Abstract
The Tutte polynomial is a fundamental invariant of graphs and matroids. In
this article, we define a generalization of the Tutte polynomial to oriented
graphs and regular oriented matroids. To any regular oriented matroid $N$, we
associate a polynomial invariant $A_N(q,y,z)$, which we call the A-polynomial.

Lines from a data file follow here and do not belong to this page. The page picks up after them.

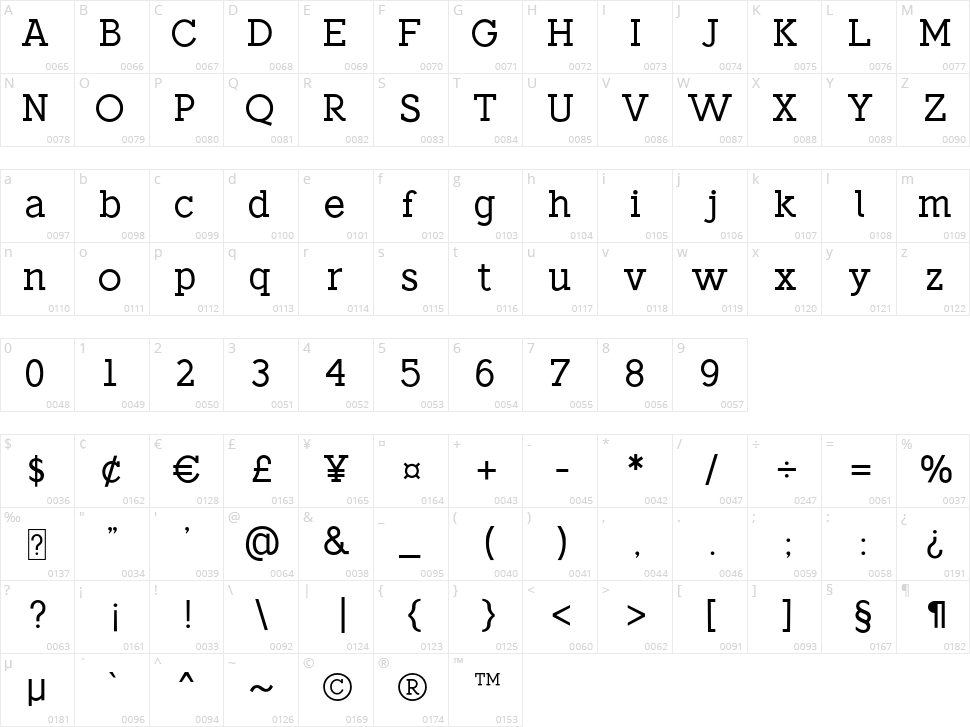 Cavello Character Map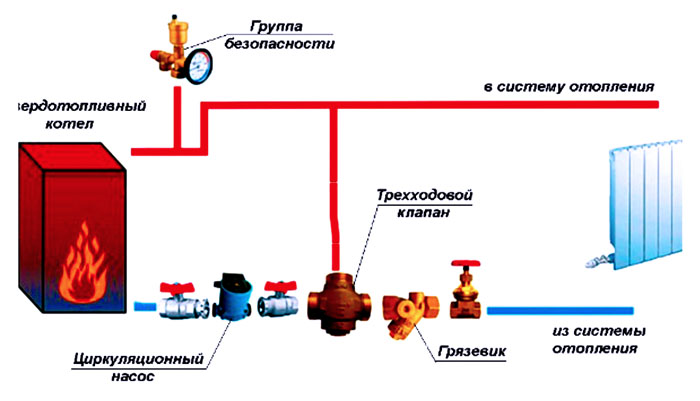 Что такое байпас в системе отопления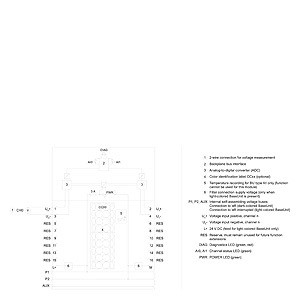 ET 200SP 6ES7134-6FB00-0BA1 Analog Input Module The Perfect Solution for PLC Control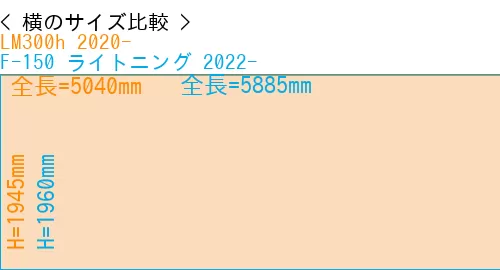#LM300h 2020- + F-150 ライトニング 2022-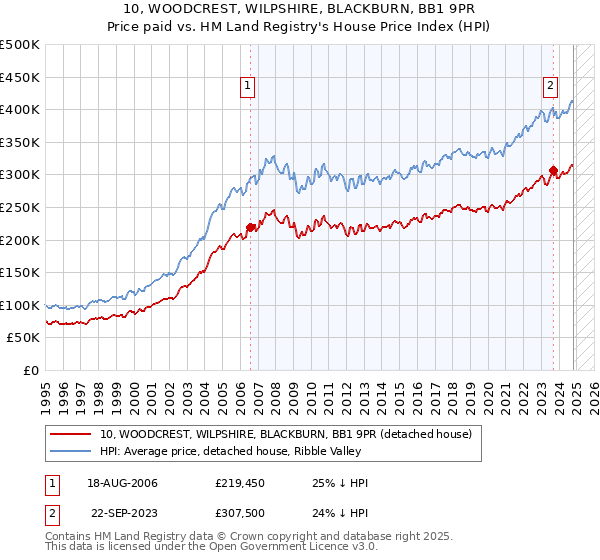 10, WOODCREST, WILPSHIRE, BLACKBURN, BB1 9PR: Price paid vs HM Land Registry's House Price Index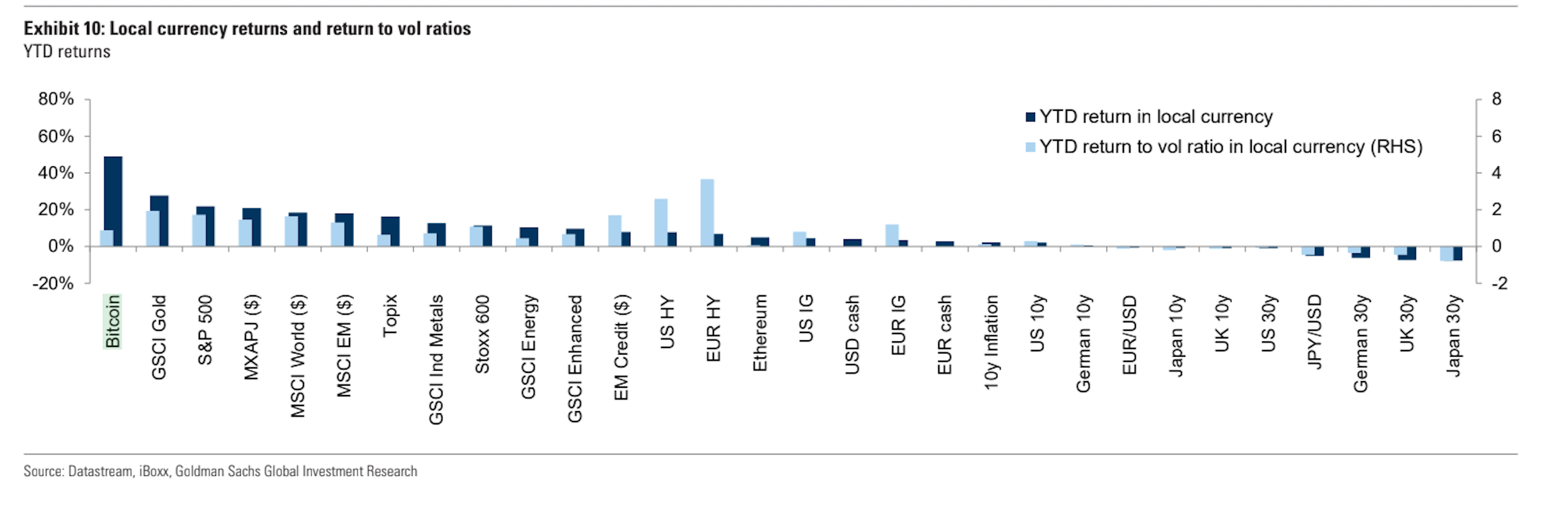 Bitcoin Price Up 40% YTD, but Gold Wins on Risk-Adjusted Returns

The A-polynomial has the following interesting properties among many others:
1. a specialization of $A_N$ gives the Tutte polynomial of the unoriented
matroid underlying $N$,
2. when the oriented matroid $N$ corresponds to an unoriented matroid (that
is, when the elements of the ground set come in pairs with opposite
orientations), the $A$-polynomial is equivalent to the Tutte polynomial of this
unoriented matroid (up to a change of variables),
3. the A-polynomial $A_N$ detects, among other things, whether $N$ is acyclic
and whether $N$ is totally cyclic.
We explore various properties and specializations of the A-polynomial. We
show that some of the known properties or the Tutte polynomial of matroids can
be extended to the A-polynomial of regular oriented matroids. For instance, we
show that a specialization of $A_N$ counts all the acyclic orientations
obtained by reorienting some elements of $N$, according to the number of
reoriented elements.